La réplique internationale
En réponse à la montée en puissance rapide de la Chine dans le domaine technologique, plusieurs pays ont pris des mesures significatives pour protéger leurs industries nationales et ralentir la croissance industrielle chinoise. Notamment, les Etats-Unis et le Canada ont imposé des tarifs douaniers de 100% sur les véhicules électriques (VE) importés de Chine. Cette mesure agressive vise à protéger les constructeurs automobiles locaux contre l'afflux de VE chinois à prix compétitif, renforcés par des subventions gouvernementales substantielles et des avancées dans la technologie des batteries. Ces tarifs visent non seulement à protéger le marché local, mais aussi à réduire la dépendance à l'égard de la technologie chinoise, de plus en plus intégrée dans les chaînes d'approvisionnement mondiales.

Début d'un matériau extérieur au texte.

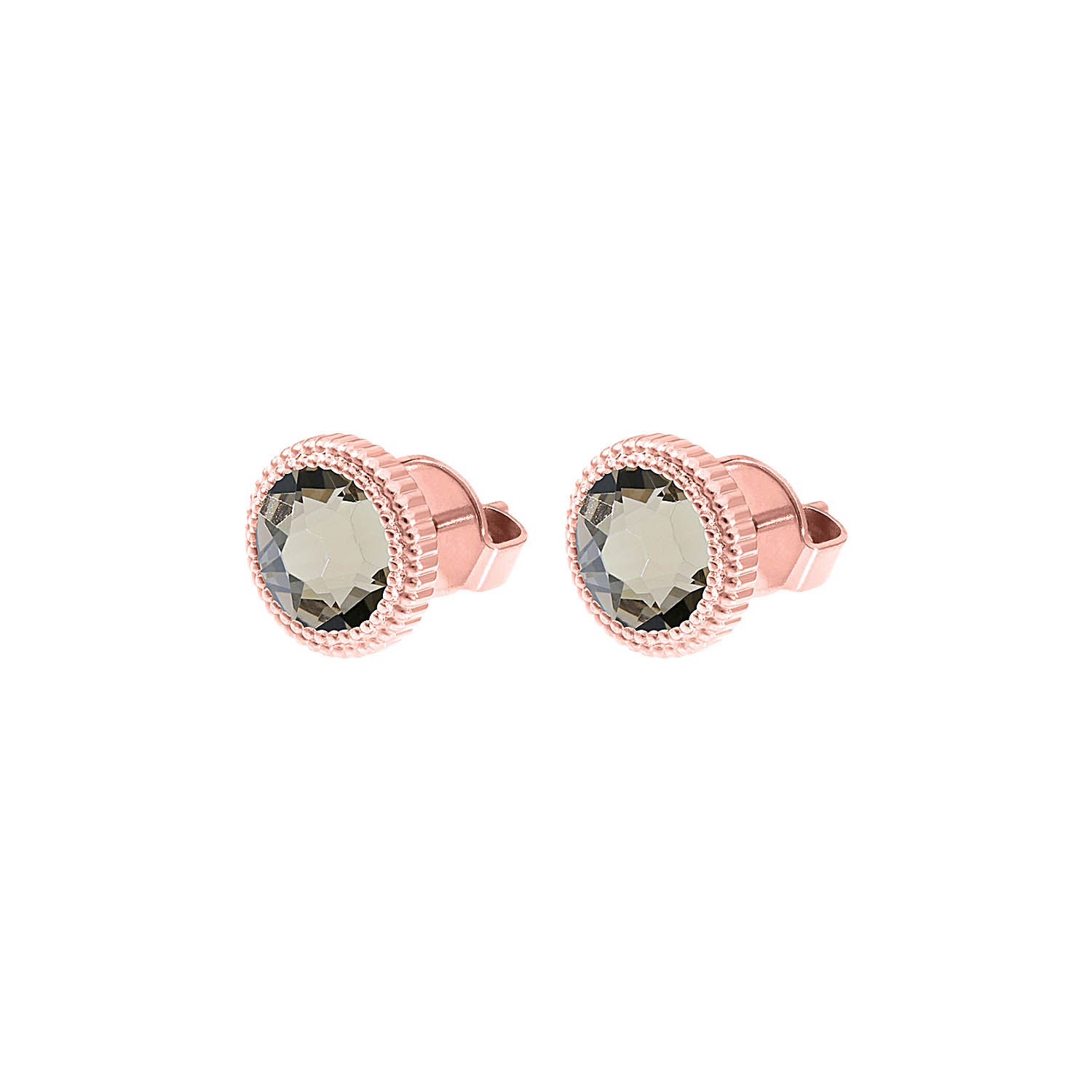 Fabero Flat Ohrstecker 10 mm - Roségold Greige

De plus, le Japon s'est retrouvé sous pression internationale pour reconsidérer son rôle dans le soutien à l'infrastructure technologique de la Chine, notamment dans l'industrie des semi-conducteurs. Le Japon, qui est un acteur clé dans la chaîne d'approvisionnement mondiale des semi-conducteurs, a été exhorté à limiter ses exportations et la maintenance de l'équipement de fabrication de semi-conducteurs vers la Chine. Cet équipement est crucial pour la production des puces avancées qui alimentent tout, des smartphones au matériel militaire. En réponse, Pékin a émis des avertissements de représailles économiques, soulignant la fragilité des relations commerciales internationales face à la rivalité technologique croissante. Ces développements soulignent une tendance plus large des pays à mettre en place des mesures de protection et des restrictions commerciales dans le but de contrebalancer l'influence croissante de la Chine dans les secteurs technologiques critiques, intensifiant encore les tensions économiques mondiales.
Conclusion
Le rapport de l'ASPI sur la domination de la Chine dans la recherche technologique critique est un appel à l'action pour les gouvernements du monde entier. Il souligne la nécessité de repenser les stratégies de recherche et de développement à long terme pour rester compétitif face à la Chine et d'autres pays en plein essor comme l'Inde. Alors que certains pays continuent de se concentrer sur la commercialisation, la montée en puissance de la Chine dans ce domaine est non seulement un défi économique, mais aussi stratégique, avec des implications potentielles pour la sécurité mondiale. Dans ce contexte, les nations devront redoubler d'efforts pour développer leurs propres capacités de recherche et établir des partenariats stratégiques afin de contrer l'influence croissante de la Chine dans les technologies critiques de demain.